That this court does not have the power to enjoin Merchants from enforcing its judgment against the non-debtor, Glatzer, from personal proceeds belonging to Glat-zer and his wife, notwithstanding that Glat-zer’s liability stemmed from his guarantee of EBC’s obligation to Merchants, was made clear in Teledyne Industries, Inc. v. Eon Corporation, 401 F.Supp. 729 (S.D.N.Y.1975), aff'd, 546 F.2d 495 (2d Cir.1976). The District Court ruled as follows:

First of all, under the bankruptcy statute, the exclusive jurisdiction of the bankruptcy court extends only to the debtor, in this case Eon, and its property. 11 U.S.C. § 711. In this action, the plaintiff is seeking to impose liability on the individual defendants personally. The subject matter of this lawsuit is clearly not property in the actual or constructive possession of Eon. A judgment in favor of plaintiff will in no way affect Eon or its property, and obviously will not interfere with the bankruptcy court’s order of arrangement.
Secondly, the stay issued by the bankruptcy judge with respect to Eon does not in the least affect these proceedings. The power to enjoin lawsuits pursuant to 11 U.S.C. § 714 is confined to actions in which the debtor is a party or in which the debtor’s property is directly affected. Evarts v. Eloy Gin Corp. (9th Cir.1953) 204 F.2d 712, cert. denied 346 U.S. 876, 74 S.Ct. 129, 98 L.Ed. 384; 8 Collier on Bankruptcy, § 3.21 (14th Ed.1971). As noted above, the instant action involves neither the debtor nor its property. Indeed, the bankruptcy judge himself in this case specifically refused to enjoin Teledyne’s suit against the individual defendants.
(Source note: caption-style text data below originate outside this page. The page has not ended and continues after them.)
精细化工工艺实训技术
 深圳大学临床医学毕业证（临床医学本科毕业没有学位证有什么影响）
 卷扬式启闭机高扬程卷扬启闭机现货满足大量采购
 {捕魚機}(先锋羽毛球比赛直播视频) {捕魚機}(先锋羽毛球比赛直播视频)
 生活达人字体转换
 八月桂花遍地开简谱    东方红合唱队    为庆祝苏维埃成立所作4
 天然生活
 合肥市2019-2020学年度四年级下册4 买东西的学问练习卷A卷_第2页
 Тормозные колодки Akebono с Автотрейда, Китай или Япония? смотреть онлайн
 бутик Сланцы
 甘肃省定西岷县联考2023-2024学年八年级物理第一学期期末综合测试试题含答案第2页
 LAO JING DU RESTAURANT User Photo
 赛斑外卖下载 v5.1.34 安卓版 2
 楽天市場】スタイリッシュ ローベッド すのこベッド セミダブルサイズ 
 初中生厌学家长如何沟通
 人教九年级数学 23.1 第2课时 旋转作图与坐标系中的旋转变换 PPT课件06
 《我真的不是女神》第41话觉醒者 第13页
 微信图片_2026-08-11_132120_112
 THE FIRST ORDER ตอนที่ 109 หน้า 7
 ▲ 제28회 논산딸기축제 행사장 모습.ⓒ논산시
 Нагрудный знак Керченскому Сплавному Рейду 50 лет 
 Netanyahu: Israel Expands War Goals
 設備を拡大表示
401 F.Supp. at 734 (footnotes omitted). A similar rejection of the Bankruptcy Court’s authority to enjoin the enforcement of the personal liability of a guarantor of the obligations of a Chapter XI debtor was stated in Globe Construction Co. v. Oklahoma City Housing Authority, 571 F.2d 1140 (10th Cir.), cert. denied, 439 U.S. 835, 99 S.Ct. 117, 58 L.Ed.2d 131 (1978).

The power of a bankruptcy court to enjoin in personam suits is confined to suits against the debtor, and there is no jurisdiction to enjoin a suit brought to enforce the personal liability of a guarantor of bonds secured by a mortgage upon property owned by the debtor. 8 Collier on Bankruptcy ¶ 3.22, at 250 (14th ed. 1976). See also, Loyd v. Stewart & Nuss, Inc., 327 F.2d 642 (9th Cir.1964). For cases holding that a court of bankruptcy is without jurisdiction to enjoin proceedings where creditors of the bankrupt institute proceedings against the surety of the bankrupt, see Jaquith v. Rowley, 188 U.S. 620, 23 S.Ct. 369, 47 L.Ed. 620 (1903) and Brown v. Four-in-One Coal Co., 286 F. 512 (6th Cir.1923), cert. denied, 262 U.S. 749, 43 S.Ct. 524, 67 L.Ed. 1213 (1923). See also Metcalf v. Barker, 187 U.S. 165, 23 S.Ct. 67, 47 L.Ed. 122 (1902) and Linstroth Wagon Co. v. Ballew, 149 F. 960 (5th Cir.1907).

571 F.2d at 1143. See also Parkview Gem, Inc. v. Stein, 516 F.2d 807, 808-09 (8th Cir.1975) (reorganization court was without jurisdiction to enjoin landlord of debtor’s subsidiary from declaring forfeiture of lease with non-debtor entity); In re Magnus Harmonica Corporation, 233 F.2d 803, 804 (3rd Cir.1956) (state court action against officers of debtor to collect on guarantees could not be enjoined even though suit might have had indirect repercussion on bankruptcy proceedings); In re Nine North Church Street, Inc., 82 F.2d 186, 189 (2d Cir.1936) (Act § 2a(15) did not support injunction of state court suit against guarantor because jurisdiction does not extend to prosecution of claim which would not interfere with the debtor’s property).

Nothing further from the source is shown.